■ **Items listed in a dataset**
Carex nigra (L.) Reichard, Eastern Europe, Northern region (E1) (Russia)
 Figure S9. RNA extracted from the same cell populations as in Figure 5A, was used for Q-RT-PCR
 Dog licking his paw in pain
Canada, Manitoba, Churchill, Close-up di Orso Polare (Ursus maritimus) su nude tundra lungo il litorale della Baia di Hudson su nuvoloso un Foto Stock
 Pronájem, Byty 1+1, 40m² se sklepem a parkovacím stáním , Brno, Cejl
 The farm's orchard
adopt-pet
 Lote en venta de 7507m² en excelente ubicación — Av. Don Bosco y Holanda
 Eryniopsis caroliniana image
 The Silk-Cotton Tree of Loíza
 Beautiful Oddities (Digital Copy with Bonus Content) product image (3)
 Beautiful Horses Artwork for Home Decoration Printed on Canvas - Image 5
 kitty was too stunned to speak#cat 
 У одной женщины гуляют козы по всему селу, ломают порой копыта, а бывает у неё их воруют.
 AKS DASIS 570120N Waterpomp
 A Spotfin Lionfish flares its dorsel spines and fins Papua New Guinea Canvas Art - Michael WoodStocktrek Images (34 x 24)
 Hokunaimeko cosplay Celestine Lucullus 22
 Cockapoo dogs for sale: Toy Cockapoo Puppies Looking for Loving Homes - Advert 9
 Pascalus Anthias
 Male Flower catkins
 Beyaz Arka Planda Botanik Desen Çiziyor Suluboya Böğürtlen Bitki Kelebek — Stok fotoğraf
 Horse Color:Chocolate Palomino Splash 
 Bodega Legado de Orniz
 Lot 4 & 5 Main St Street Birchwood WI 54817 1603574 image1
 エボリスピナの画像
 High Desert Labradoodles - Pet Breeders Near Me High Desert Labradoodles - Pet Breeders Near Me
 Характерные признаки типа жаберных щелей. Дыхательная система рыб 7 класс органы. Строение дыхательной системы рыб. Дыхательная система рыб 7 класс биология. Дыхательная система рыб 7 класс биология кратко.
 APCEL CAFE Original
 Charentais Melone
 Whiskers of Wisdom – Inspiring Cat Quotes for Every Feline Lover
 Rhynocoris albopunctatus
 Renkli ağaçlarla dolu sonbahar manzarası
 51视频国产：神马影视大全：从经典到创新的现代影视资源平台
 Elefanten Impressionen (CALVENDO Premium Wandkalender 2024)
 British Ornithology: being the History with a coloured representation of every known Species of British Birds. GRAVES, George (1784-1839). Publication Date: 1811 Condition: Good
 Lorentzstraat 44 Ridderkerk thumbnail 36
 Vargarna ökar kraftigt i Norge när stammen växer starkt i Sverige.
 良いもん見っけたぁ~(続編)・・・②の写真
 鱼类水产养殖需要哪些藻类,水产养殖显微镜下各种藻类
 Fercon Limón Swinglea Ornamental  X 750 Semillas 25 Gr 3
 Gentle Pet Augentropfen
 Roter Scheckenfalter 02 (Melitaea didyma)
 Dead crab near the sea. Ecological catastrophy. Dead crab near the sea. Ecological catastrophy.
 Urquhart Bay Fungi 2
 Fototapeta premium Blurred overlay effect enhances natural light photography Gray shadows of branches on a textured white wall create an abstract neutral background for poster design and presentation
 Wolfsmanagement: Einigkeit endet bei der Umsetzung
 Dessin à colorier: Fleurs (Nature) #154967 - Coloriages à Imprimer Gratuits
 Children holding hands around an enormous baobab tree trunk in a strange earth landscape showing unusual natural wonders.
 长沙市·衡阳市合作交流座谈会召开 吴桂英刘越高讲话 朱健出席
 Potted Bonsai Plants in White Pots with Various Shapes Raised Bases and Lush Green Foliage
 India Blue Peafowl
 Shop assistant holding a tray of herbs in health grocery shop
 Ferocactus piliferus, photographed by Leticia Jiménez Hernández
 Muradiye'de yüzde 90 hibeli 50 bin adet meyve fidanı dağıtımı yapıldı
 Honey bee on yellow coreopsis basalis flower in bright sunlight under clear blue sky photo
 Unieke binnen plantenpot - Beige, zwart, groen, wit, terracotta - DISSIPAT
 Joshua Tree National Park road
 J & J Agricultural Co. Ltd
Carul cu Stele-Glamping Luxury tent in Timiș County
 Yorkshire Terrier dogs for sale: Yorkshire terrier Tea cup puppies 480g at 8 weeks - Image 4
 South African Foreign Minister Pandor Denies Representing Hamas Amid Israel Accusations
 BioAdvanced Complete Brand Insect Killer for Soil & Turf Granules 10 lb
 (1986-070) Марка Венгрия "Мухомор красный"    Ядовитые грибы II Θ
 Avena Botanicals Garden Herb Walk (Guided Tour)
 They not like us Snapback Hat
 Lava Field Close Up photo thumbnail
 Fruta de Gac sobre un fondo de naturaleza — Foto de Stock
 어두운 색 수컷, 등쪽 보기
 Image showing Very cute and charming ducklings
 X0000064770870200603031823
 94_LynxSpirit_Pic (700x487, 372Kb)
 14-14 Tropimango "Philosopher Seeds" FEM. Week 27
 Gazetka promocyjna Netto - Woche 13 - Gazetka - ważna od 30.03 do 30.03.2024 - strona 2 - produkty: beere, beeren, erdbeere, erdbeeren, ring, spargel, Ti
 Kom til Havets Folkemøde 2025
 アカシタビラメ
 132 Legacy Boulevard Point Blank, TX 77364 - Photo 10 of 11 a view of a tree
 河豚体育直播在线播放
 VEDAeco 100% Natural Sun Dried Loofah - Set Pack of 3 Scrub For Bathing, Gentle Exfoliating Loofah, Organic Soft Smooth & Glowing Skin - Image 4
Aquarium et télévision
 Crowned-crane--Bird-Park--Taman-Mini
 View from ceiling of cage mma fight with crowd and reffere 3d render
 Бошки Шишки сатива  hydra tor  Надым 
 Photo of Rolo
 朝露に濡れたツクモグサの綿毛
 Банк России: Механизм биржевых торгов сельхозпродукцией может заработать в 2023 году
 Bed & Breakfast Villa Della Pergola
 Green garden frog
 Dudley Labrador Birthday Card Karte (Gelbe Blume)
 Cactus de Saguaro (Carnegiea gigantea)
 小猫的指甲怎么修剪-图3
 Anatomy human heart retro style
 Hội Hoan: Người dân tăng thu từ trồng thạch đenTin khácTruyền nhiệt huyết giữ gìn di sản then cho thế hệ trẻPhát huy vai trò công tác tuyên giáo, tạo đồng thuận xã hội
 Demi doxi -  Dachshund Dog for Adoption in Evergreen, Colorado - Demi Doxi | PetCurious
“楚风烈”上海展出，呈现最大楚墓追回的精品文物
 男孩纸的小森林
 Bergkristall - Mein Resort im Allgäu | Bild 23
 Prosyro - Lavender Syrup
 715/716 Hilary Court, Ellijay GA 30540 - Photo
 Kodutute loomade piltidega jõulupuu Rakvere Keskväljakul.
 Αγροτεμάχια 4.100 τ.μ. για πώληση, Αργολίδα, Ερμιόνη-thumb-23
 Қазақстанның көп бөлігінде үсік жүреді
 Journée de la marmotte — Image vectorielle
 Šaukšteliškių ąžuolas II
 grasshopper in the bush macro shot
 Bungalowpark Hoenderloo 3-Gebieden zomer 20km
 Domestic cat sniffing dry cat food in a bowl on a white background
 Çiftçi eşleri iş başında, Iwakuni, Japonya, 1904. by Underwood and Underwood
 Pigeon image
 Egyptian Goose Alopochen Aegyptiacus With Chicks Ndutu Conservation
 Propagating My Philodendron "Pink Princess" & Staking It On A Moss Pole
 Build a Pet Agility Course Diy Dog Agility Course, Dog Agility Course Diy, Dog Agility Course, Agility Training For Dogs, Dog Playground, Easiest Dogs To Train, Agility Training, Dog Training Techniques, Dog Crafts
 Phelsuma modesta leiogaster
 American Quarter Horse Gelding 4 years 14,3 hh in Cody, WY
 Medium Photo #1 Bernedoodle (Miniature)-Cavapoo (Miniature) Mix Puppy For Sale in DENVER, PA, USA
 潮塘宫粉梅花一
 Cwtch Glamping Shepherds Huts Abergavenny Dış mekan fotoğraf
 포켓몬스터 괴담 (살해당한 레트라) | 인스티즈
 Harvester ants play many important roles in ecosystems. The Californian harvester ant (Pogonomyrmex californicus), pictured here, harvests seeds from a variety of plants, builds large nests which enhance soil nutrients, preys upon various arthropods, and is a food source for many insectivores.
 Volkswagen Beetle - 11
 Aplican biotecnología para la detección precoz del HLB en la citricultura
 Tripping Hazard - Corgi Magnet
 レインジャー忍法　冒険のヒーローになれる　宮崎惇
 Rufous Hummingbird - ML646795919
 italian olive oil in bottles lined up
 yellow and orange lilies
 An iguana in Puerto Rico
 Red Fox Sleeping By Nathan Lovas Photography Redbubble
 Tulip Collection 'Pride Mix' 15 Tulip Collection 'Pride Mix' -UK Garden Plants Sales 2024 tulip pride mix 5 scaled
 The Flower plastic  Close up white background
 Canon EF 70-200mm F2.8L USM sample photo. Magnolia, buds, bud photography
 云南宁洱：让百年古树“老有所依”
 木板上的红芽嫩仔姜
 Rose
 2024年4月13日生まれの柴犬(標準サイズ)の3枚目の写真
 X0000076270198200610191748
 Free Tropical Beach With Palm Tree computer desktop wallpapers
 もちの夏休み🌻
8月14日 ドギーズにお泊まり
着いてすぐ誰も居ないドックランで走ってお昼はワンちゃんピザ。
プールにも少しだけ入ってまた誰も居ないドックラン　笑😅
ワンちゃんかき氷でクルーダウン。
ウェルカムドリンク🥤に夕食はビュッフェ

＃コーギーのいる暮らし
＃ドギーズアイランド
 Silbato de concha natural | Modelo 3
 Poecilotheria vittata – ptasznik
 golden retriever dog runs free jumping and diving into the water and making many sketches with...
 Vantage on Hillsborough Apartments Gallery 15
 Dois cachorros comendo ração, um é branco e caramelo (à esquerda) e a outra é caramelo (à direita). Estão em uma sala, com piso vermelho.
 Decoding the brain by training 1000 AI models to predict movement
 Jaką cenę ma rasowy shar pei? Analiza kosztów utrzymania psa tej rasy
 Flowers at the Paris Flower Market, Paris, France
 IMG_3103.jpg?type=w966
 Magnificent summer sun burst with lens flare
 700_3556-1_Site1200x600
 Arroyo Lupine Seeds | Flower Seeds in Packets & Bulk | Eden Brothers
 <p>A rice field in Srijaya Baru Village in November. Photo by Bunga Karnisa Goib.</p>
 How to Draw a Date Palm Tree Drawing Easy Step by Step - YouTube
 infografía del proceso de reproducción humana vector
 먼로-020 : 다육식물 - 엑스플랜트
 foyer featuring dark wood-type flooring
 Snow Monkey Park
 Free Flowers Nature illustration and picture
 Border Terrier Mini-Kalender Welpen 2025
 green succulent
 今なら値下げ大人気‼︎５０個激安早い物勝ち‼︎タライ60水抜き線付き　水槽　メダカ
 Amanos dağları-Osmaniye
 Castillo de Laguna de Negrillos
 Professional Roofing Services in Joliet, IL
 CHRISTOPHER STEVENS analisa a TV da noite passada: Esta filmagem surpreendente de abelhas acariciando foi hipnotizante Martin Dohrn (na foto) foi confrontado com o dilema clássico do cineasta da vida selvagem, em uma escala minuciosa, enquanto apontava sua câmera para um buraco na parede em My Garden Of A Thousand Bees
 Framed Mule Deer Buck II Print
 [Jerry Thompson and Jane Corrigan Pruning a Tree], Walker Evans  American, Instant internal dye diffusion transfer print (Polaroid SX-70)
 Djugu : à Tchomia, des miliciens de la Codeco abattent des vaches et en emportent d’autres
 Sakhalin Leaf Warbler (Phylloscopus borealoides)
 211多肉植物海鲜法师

■ **Assignment**
The expected answer is an exact copy of the lines above, beginning at the line with "Professional Roofing Services in Joliet, IL" and ending at the line with "[Jerry Thompson and", with both ends in.

■ **Answer for the task**
 Professional Roofing Services in Joliet, IL
 CHRISTOPHER STEVENS analisa a TV da noite passada: Esta filmagem surpreendente de abelhas acariciando foi hipnotizante Martin Dohrn (na foto) foi confrontado com o dilema clássico do cineasta da vida selvagem, em uma escala minuciosa, enquanto apontava sua câmera para um buraco na parede em My Garden Of A Thousand Bees
 Framed Mule Deer Buck II Print
 [Jerry Thompson and Jane Corrigan Pruning a Tree], Walker Evans  American, Instant internal dye diffusion transfer print (Polaroid SX-70)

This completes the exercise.